After about 10 hours of fishing in the rain, my brother and I stopped in a place to order some food to go. The lady across the counter asked " have you guys been fishing?" 
"yeah"
"I thought so, you smell like it"


----------



## backlashed (Mar 19, 2011)

Baitcasters


----------



## Row v. Wade (Apr 27, 2004)

There's some good names here. Fun thread.

Mine is easy. Do I fish from the boat or walk the river?


----------



## GarrettMyers (May 16, 2011)

BassAddict83 said:


> Just curious as to how everyone came up with their handle. Some people have some pretty interesting ones and I just wondered if there was any meaning behind any of them.
> 
> Mine is pretty obvious... Or so you think....
> 
> ...



Slappin da bass! hahhahahhaha great movie


----------



## RushCreekAngler (Jan 19, 2011)

I joined OGF when I purchased another boat (should have never sold the old one). I live within sight of Rush Creek lake - I can be on the water in 15 minutes. started fishing there once I had a boat again, so my handle reflects that.


----------



## Easyaspi (Jan 16, 2010)

I am a high school math teacher.


----------



## jonk540 (Apr 14, 2004)

My name Jon Kuhnash and my local union number. Electricians Local 540


----------



## steelhead1 (May 14, 2004)

My regular fishing buddy went like 0-4 years on steelhead. So back when I joined the old GFO I came up with steelhead1. As in if he ever caught steelhead1 I'd be amazed.

He's gotten better at them since then lol.


----------



## laynhardwood (Dec 27, 2009)

I'm a floor guy/carpenter but specialize in 3/4" hardwood flooring 


Posted using Outdoor Hub Campfire


----------



## wave warrior (Oct 2, 2005)

mine has a dual meaning..
when i was an over-the-road truck driver in the 80's
my favorite movie was "Mad Max" road warrior was my CB handle...

when i joined here(right after fishing ERIE in my 19'er in 3-5's that turned larger i was a "wave warrior" just trying to get back to shore from the NW end of the sandbar back to lorain!!

Lundy once razzed me about erie n big waves "come on man, you're WAVE WARRIOR" not "mill pond warrior" haha!


----------



## Bonecrusher (Aug 7, 2010)

Brand of arrows I used until they took them off the market


----------



## Ronnie Mund (Jan 22, 2013)

bonecrusher is a sissy...

Ronnie the limo driver mund. Known as Scoresman, RickysMan, host of the block party, and the creator of Whoa whoa whoa Stop the clock...

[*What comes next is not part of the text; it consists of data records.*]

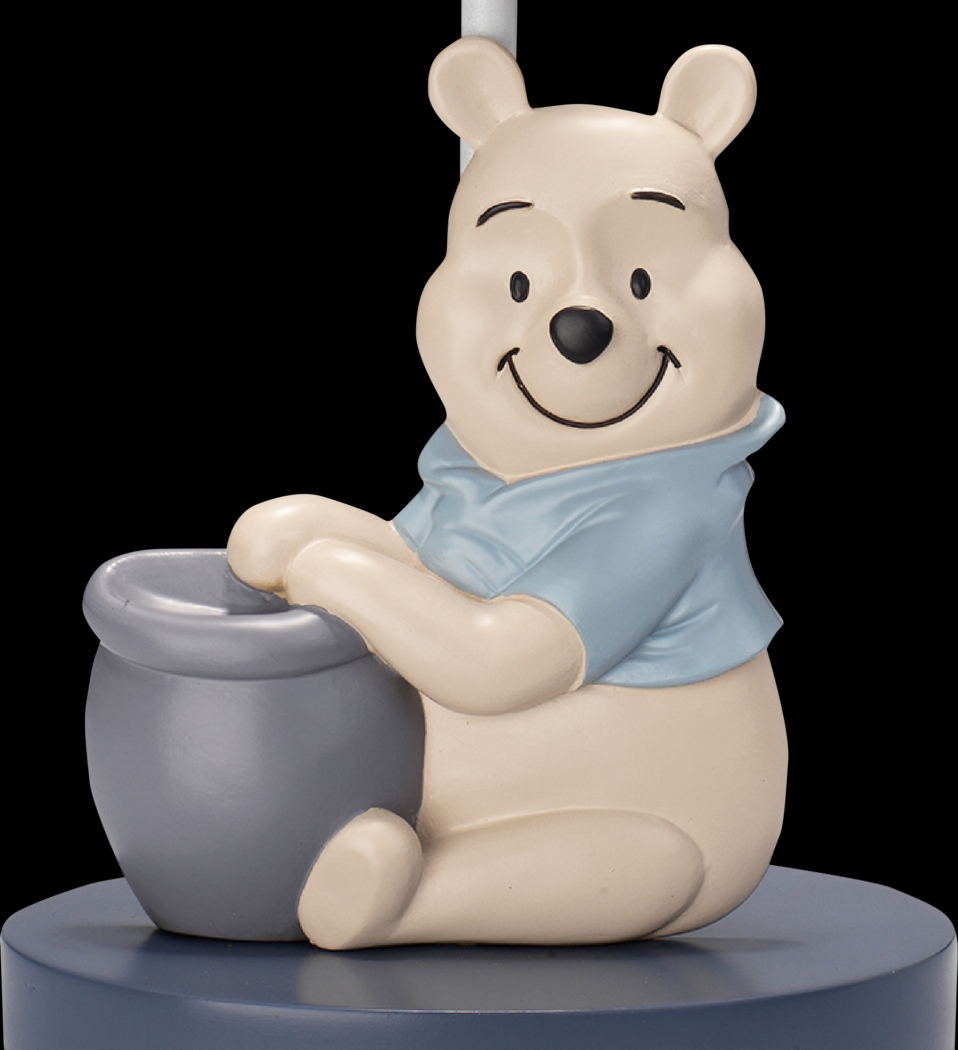 Kids Forever Pooh Gray Lamp - Thumbnail - Image 2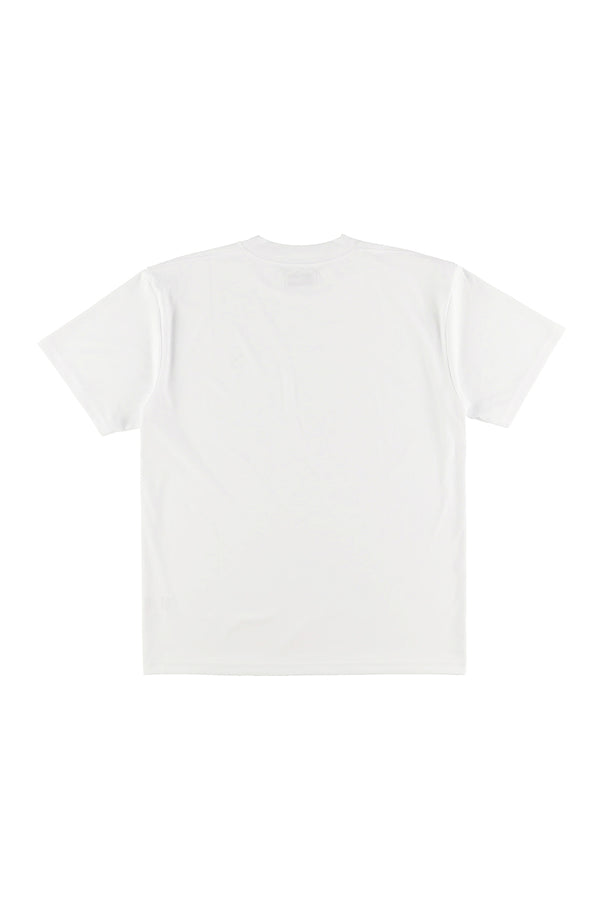Mock Neck T-Shirt WHITE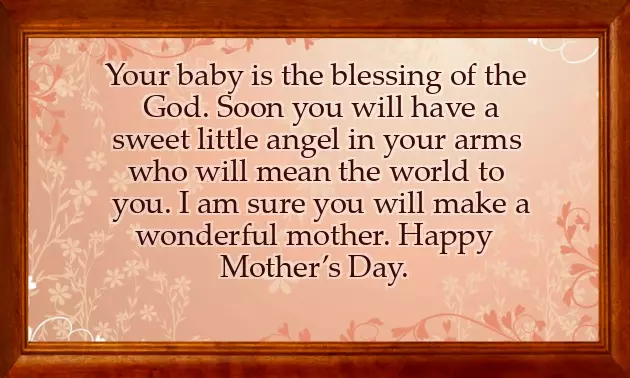 Wishes For Pregnant Sister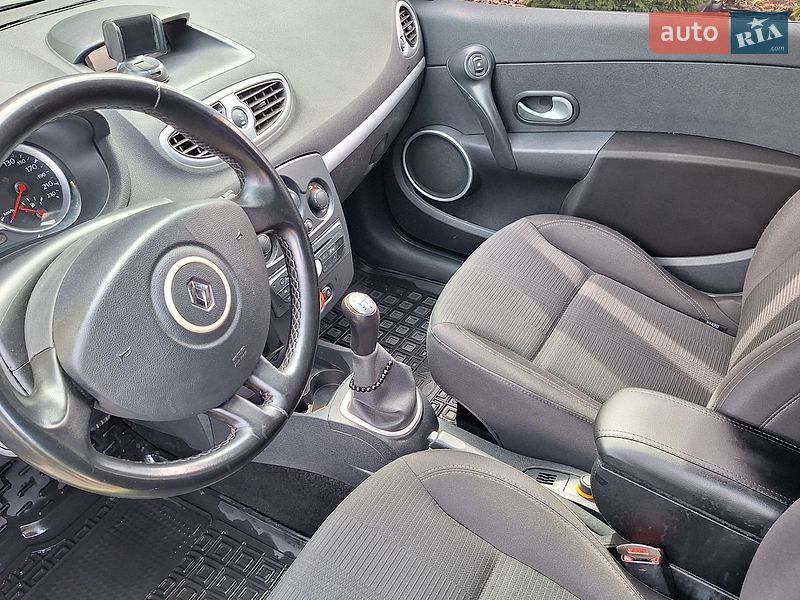 Хэтчбек Renault Clio 2009 в Белой Церкви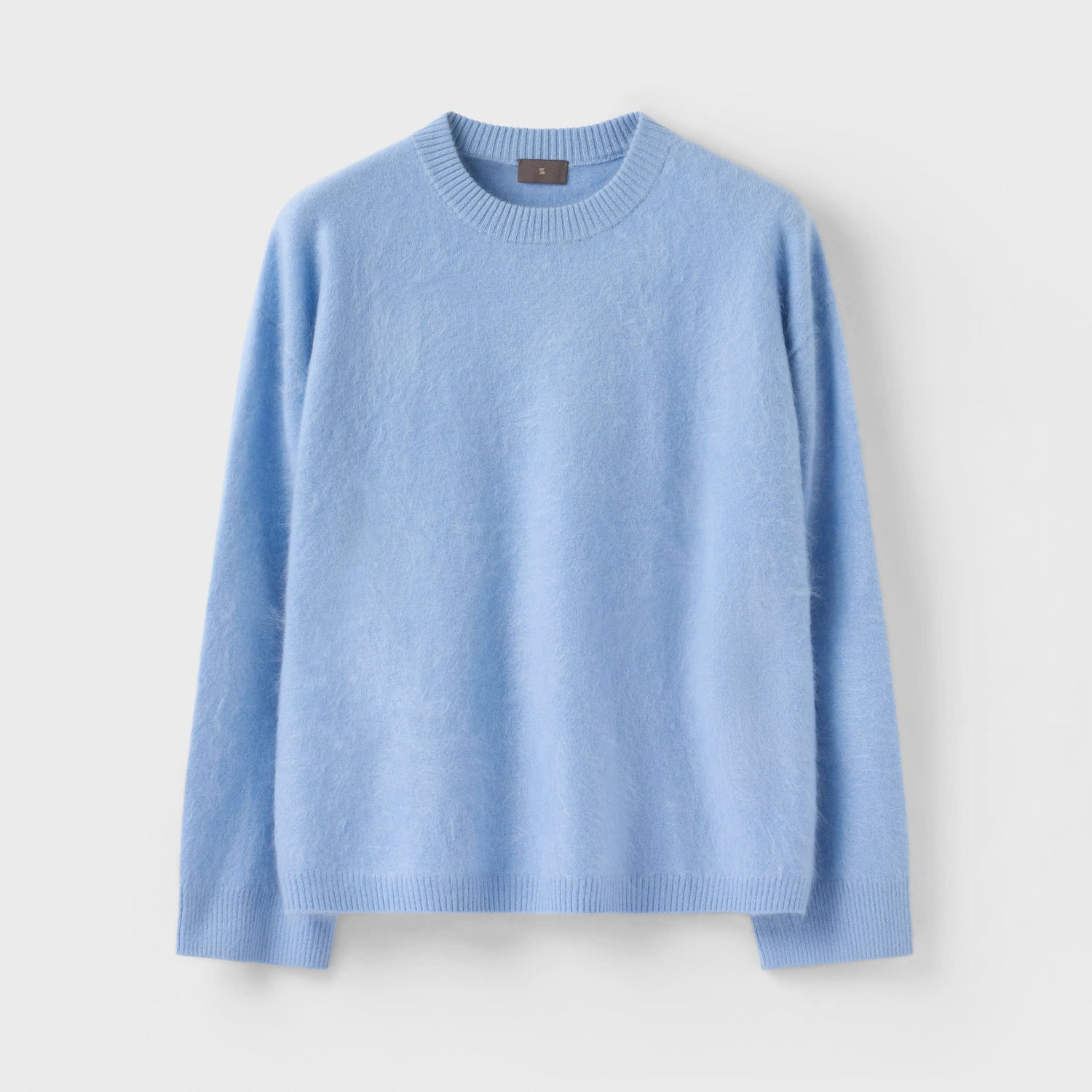 Women's Brushed Cashmere Crewneck Sweater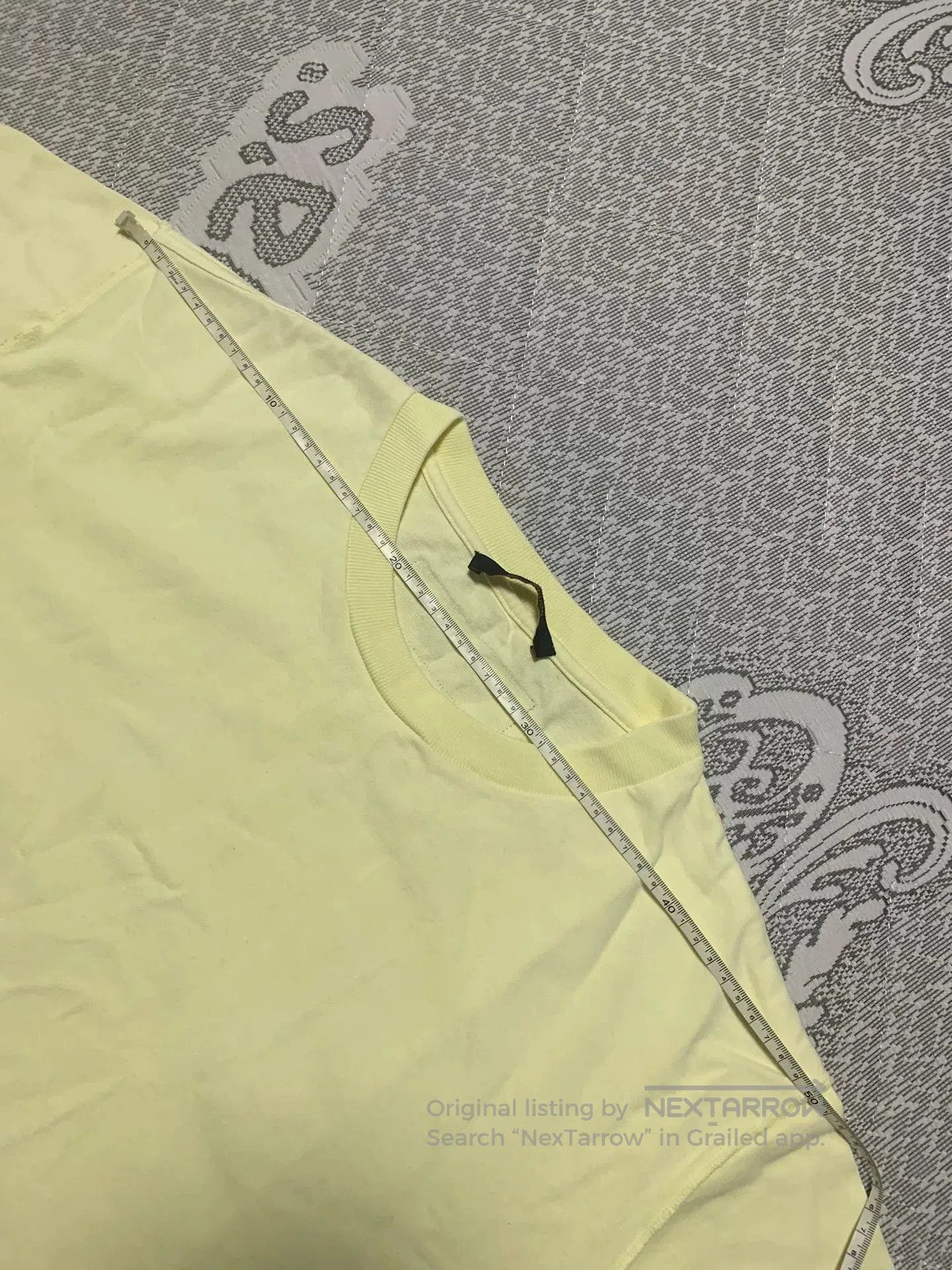 Louis Vuitton Louis Vuitton Logo Short Sleeve T. Size US L / EU 52-54 / 3 - 6 Thumbnail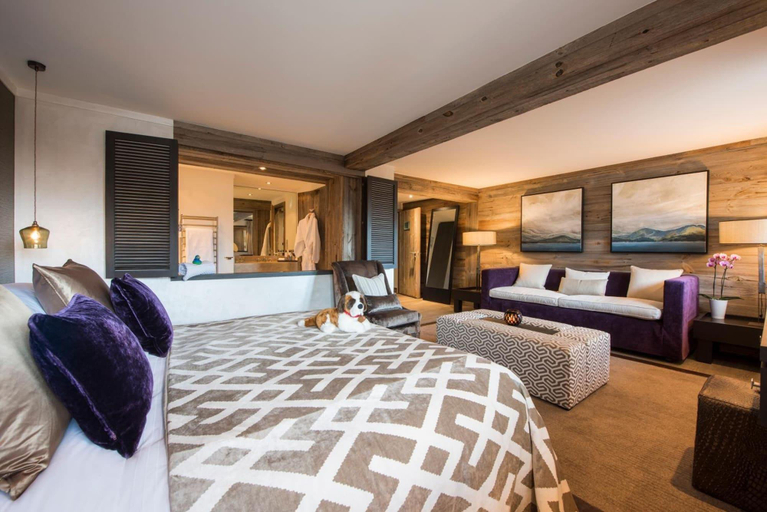 Room 4, The Ski Lodge, Entremont
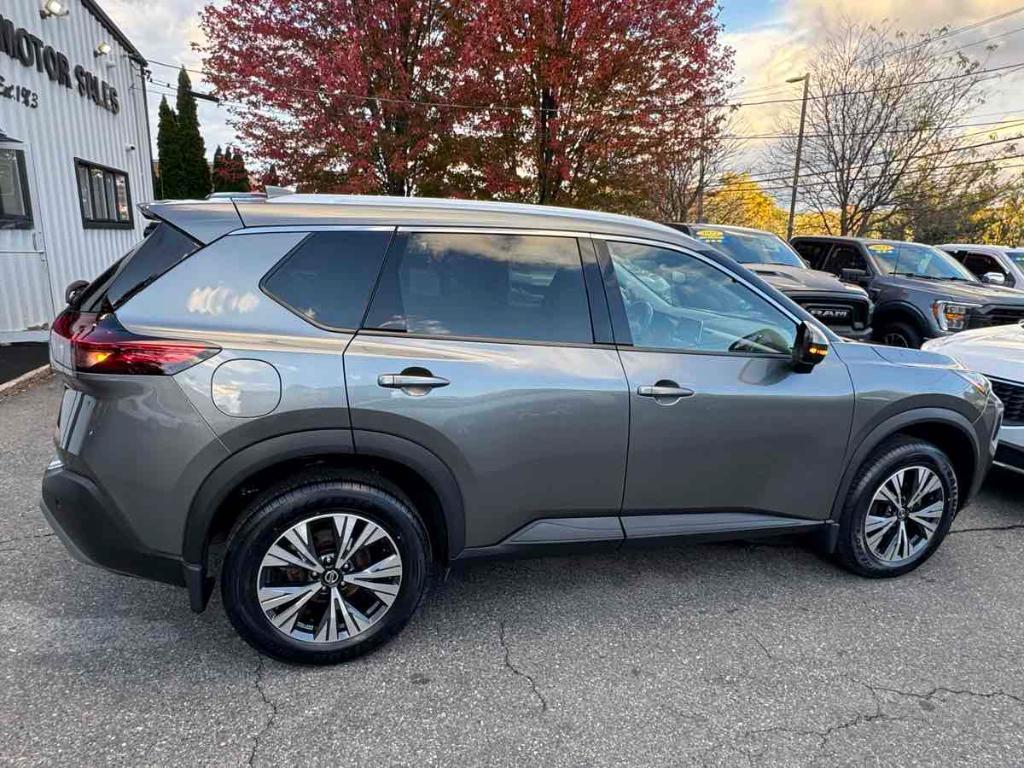 used 2021 Nissan Rogue car, priced at $23,900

If I need to say more, than you're crazy duuuuuuuuude. (what are you looking at???)


----------



## koonzie99 (Apr 25, 2012)

Last name is kuhens so my friends started calling me koonz or koonzie. The 99 because im a carl edwards fan.


----------



## Gobi Muncher (May 27, 2004)

Let's just say a freshly regurgitated gobi from a Lake St. Claire smallmouth, too much beer, and a lost bet.........................:Banane35:


----------



## ballast (Sep 15, 2011)

Mine it because my dad always yells when I shift my weight in the boat hence, "ballast" was born. 

posted using Outdoor Hub Campfire


----------



## sylvan 17 (May 22, 2010)

I wanted to try Lake Erie walleye fishing,so I took my 1700 Sylvan up to Ashtabula and went 10 miles out and got 5 walleye and been hooked ever since. 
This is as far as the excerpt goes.